Swoich funkcjonariuszy oddelegowała polska Straż Graniczna. 24 pograniczników wesprze austriackich kolegów.
O bezpieczeństwo podczas mistrzostw zadba także Europejska Agencja Zarządzania Współpracą Operacyjną na Zewnętrznych Granicach Państw Członkowskich Frontex. Granice Austrii i Szwajcarii będą kontrolowane przez 250 jej funkcjonariuszy. W skład tej grupy wejdą Polacy.

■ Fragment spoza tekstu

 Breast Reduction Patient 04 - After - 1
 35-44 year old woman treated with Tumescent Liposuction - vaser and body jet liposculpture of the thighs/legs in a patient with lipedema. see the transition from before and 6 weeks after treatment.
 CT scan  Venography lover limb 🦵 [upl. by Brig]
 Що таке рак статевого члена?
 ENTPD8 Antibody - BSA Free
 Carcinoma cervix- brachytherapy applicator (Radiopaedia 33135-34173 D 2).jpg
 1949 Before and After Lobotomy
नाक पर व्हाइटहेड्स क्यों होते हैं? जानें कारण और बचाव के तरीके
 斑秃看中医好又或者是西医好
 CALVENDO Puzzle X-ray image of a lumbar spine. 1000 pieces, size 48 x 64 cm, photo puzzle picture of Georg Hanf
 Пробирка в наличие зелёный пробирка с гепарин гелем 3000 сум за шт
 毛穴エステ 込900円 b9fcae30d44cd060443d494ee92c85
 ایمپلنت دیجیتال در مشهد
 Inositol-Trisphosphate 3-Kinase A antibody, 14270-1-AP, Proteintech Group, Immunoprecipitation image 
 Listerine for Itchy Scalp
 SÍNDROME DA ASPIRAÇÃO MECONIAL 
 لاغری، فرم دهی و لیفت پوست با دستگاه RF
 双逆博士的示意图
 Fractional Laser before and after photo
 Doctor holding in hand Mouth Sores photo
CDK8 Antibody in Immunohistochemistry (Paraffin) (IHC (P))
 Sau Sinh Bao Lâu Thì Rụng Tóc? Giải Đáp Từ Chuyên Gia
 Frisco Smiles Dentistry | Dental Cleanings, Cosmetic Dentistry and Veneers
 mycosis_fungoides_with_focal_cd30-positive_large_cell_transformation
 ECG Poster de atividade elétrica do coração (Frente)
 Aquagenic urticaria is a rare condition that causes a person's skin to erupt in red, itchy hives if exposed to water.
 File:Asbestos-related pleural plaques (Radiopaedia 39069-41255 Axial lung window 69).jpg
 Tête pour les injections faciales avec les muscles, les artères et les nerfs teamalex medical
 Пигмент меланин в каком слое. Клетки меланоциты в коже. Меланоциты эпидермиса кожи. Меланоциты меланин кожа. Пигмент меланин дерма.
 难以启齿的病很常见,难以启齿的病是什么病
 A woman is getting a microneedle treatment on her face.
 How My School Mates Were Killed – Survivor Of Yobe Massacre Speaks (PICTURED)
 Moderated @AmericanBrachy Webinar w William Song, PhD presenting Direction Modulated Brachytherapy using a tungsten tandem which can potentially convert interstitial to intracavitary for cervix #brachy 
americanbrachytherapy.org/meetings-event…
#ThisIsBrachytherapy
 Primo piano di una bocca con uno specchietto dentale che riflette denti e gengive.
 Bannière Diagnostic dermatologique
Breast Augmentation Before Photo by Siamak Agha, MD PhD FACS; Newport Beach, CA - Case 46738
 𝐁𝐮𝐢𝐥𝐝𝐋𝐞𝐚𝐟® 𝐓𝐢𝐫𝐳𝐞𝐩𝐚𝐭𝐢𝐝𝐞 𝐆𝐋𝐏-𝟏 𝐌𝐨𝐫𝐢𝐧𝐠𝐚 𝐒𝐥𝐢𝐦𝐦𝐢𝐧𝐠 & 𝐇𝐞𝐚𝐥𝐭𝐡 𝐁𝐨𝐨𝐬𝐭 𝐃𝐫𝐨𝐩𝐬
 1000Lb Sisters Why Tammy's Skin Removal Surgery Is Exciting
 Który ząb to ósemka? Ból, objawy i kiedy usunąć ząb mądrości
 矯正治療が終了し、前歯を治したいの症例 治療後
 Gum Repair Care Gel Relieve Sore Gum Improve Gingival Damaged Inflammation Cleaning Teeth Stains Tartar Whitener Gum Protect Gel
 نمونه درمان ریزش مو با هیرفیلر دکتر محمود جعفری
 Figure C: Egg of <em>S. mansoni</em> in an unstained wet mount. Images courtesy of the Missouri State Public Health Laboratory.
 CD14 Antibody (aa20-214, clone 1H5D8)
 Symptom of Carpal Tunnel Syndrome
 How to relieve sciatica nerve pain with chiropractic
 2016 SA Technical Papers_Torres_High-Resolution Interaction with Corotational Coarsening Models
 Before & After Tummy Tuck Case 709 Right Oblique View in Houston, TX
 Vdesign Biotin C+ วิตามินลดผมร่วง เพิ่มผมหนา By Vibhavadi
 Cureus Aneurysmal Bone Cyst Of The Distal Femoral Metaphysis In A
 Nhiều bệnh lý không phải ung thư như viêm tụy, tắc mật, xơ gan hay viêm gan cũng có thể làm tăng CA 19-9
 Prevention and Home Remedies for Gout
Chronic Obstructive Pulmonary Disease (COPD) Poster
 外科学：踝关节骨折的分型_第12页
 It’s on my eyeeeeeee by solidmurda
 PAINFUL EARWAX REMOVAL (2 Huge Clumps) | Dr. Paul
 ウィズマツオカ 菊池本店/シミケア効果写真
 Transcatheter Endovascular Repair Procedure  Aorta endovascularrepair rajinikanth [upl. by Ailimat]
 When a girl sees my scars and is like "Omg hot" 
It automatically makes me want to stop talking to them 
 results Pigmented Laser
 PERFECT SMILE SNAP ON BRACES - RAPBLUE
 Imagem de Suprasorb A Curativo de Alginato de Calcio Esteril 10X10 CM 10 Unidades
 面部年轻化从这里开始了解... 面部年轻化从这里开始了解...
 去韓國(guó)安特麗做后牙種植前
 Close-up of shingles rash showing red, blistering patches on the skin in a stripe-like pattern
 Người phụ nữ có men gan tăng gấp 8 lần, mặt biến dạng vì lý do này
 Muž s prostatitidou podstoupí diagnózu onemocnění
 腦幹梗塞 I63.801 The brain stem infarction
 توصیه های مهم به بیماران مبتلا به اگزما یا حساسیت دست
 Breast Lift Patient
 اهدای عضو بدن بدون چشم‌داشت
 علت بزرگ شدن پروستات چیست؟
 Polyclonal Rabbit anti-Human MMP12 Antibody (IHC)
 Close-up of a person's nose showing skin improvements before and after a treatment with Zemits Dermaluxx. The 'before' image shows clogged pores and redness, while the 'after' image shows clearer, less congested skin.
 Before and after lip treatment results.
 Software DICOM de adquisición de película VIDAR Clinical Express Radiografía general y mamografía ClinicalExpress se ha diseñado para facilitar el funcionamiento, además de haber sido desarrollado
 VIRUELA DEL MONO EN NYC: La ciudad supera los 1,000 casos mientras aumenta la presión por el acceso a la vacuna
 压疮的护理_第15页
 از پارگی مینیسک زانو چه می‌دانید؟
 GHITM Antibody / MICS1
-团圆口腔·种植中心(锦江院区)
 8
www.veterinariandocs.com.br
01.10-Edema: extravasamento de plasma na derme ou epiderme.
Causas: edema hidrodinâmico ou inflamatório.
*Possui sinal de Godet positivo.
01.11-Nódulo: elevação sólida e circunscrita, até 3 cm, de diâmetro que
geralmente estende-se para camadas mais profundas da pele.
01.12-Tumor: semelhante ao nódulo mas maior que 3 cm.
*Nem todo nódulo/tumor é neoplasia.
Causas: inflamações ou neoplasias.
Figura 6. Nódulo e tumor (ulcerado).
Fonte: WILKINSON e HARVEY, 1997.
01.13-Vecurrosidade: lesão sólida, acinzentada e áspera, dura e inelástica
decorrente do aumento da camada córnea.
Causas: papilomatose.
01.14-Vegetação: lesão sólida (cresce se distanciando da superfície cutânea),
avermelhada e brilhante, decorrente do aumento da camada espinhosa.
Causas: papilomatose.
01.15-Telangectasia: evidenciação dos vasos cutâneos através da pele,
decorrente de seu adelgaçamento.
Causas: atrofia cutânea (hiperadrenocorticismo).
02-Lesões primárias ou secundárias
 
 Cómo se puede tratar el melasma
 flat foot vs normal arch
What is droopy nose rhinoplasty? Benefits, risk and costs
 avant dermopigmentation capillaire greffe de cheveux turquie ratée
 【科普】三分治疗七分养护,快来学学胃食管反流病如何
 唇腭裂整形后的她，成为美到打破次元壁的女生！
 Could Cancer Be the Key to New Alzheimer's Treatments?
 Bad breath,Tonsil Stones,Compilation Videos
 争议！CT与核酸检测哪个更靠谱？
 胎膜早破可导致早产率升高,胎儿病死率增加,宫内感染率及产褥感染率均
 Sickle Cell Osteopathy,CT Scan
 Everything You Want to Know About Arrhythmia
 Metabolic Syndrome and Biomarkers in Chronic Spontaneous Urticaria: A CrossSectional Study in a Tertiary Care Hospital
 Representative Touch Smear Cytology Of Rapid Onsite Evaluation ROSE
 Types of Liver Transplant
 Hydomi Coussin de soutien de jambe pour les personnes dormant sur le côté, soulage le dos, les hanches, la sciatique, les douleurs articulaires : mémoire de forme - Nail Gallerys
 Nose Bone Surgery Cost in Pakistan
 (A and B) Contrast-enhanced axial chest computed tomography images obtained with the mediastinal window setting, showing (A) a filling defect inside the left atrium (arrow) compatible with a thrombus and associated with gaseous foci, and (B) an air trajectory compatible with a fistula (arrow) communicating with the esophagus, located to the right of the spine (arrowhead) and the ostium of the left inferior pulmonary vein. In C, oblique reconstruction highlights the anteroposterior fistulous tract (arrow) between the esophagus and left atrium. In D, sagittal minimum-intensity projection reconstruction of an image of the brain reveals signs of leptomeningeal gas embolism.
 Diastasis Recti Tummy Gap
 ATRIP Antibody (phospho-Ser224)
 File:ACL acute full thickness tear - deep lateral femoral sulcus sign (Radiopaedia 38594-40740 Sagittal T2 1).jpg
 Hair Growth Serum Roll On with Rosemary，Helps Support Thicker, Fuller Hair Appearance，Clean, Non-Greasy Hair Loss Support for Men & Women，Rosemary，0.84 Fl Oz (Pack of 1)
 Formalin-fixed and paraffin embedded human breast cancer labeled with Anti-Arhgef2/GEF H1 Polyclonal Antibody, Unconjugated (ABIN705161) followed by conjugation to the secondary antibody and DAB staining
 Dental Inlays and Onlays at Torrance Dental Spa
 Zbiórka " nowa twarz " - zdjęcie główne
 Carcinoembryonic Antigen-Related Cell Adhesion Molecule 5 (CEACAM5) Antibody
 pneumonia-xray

– Poza pilnowaniem porządku nasi oficerowie mają zapobiegać nielegalnej imigracji, która z powodu zamieszania związanego z Euro może się nasilić – mówi Michał Parzyszek, rzecznik prasowy Fronteksu.
Także polscy policjanci wezmą udział w zabezpieczeniu mistrzostw. W Austrii i Szwajcarii jest już 26 osób, które będą patrolować dworce, lotniska, okolice stadionów i ulicznych funparków, gdzie przed telebimami zgromadzą się kibice.